Civic Behavior at the Boston Civic Summit
At Saturday’s inaugural Boston Civic Summit, people were really excited about the food. Shortly after we arrived, the second breakout education session let out and attendees trekked to a third-floor ballroom for a State Street-sponsored lunch of salads and cold sandwiches. Vivien Li made the parallel between eating together and working together as she introduced speakers Ron Bell and Dr. Thomas Sander to the hungry crowd.
The nice lunch wasn’t the only professional touch that the event had. Upon arrival, attendees (who were dubbed “delegates” on their nametags) were given embroidered tote bags and binders with a schedule and space for notes, along with a stack of business cards with their name, community group, and space for them to write their phone numbers.

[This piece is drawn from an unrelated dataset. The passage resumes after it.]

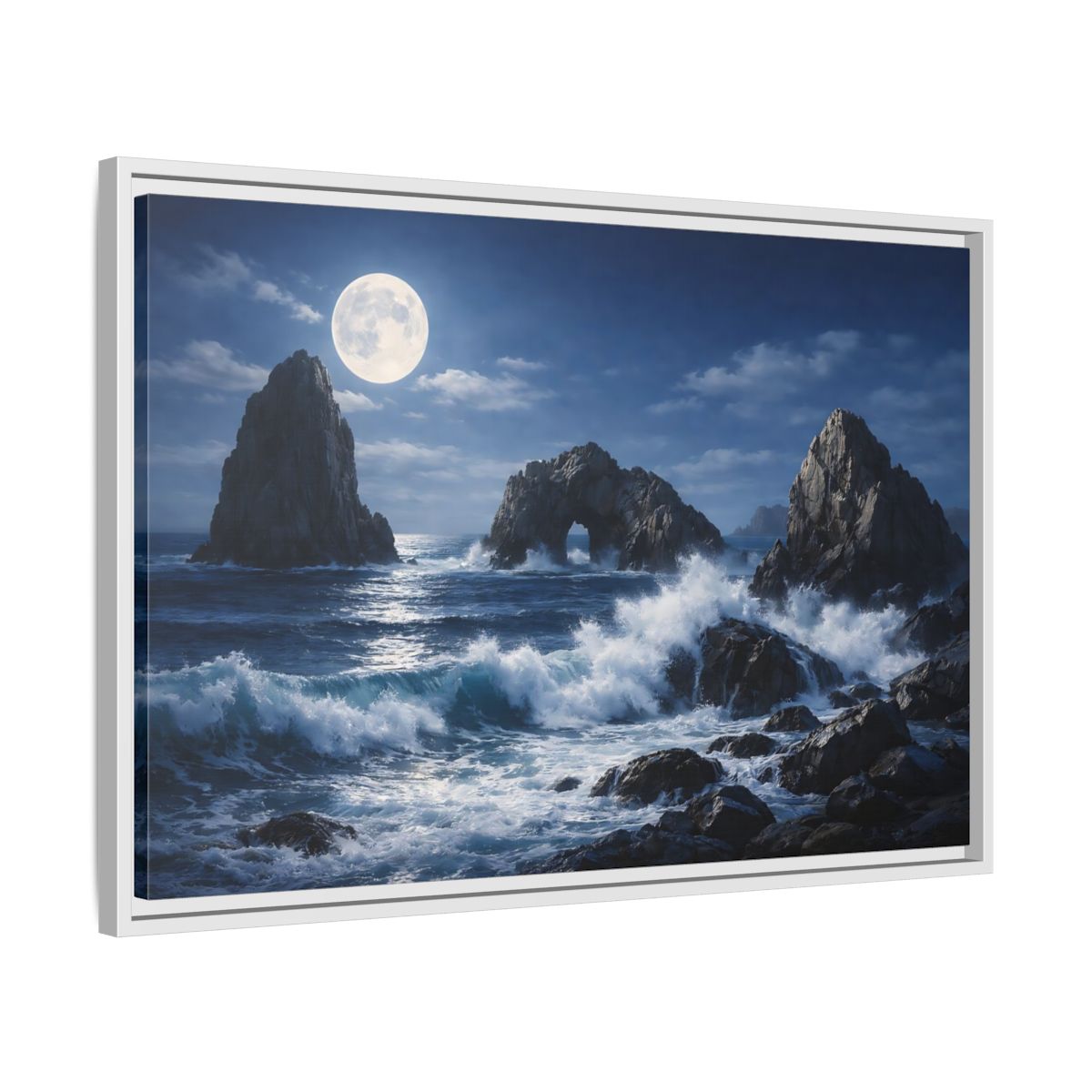 Side Mockup 10. Nature Moonlit Seascape Blue And Gray shown as stretched canvas wall art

Plenty of the cards changed hands during the lunch, and again at the Citywide 21st Century Town Meeting. Roughly 400 attendees sat at dozens of tables to discuss their goals for the city. Facilitator Joseph Goldman, who bore an eerie resemblance to Steve Carell, started the afternoon proceedings by asking delegates to answer basic demographic questions with tiny remote controls.

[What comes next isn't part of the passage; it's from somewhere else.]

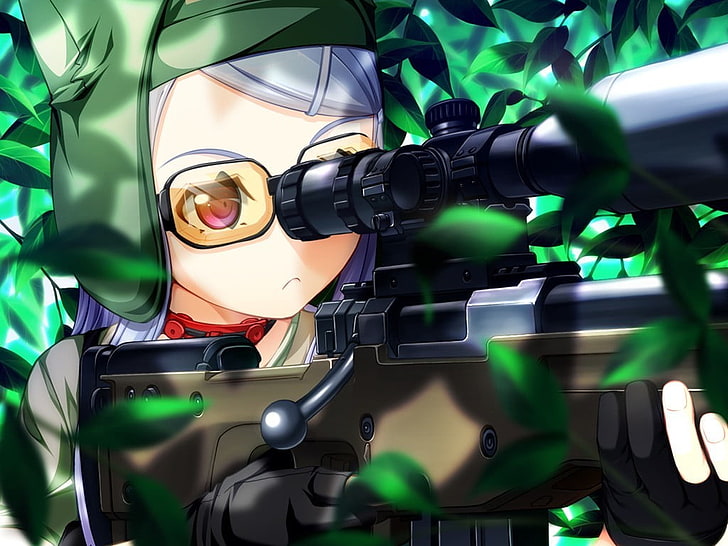 sniper rifle, anime, Sekisaba!, snipers, anime girls, HD wallpaper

The results weren’t surprising. Fifty-five percent of the attendees were between 45 and 64 years of age, and 73 percent of the crowd was white. According to census data, 26 percent of Boston’s residents have lived in the city for four years or less, but 28 percent of the delegates at the summit have lived in the city for 40 years or more.

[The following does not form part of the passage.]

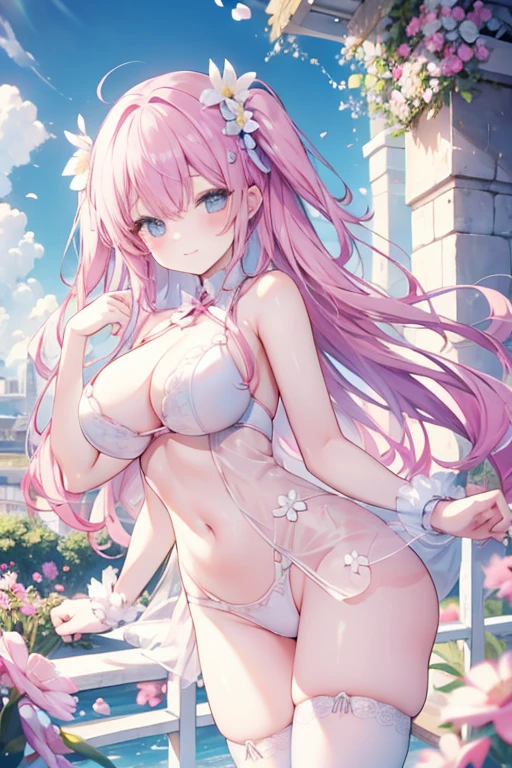 young girl, , yegraceful 、Pink hair、PastelColors、Cute,stockings, naked,panty, flower garden, noon, blue sky, beautiful,smile , long hair ,big breasts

Clearly, the free lunch and snappy tote bags didn’t lure in the young crowd that activists need to reach, so a lot of the event was spent preaching to the choir. But if the delegates made the connections organizer and City Council President Maureen Feeney hoped they would, perhaps they can work together to get younger people involved in the community. If that doesn’t work, perhaps they should try again next year, and tell the young folks there’s a free lunch to be had.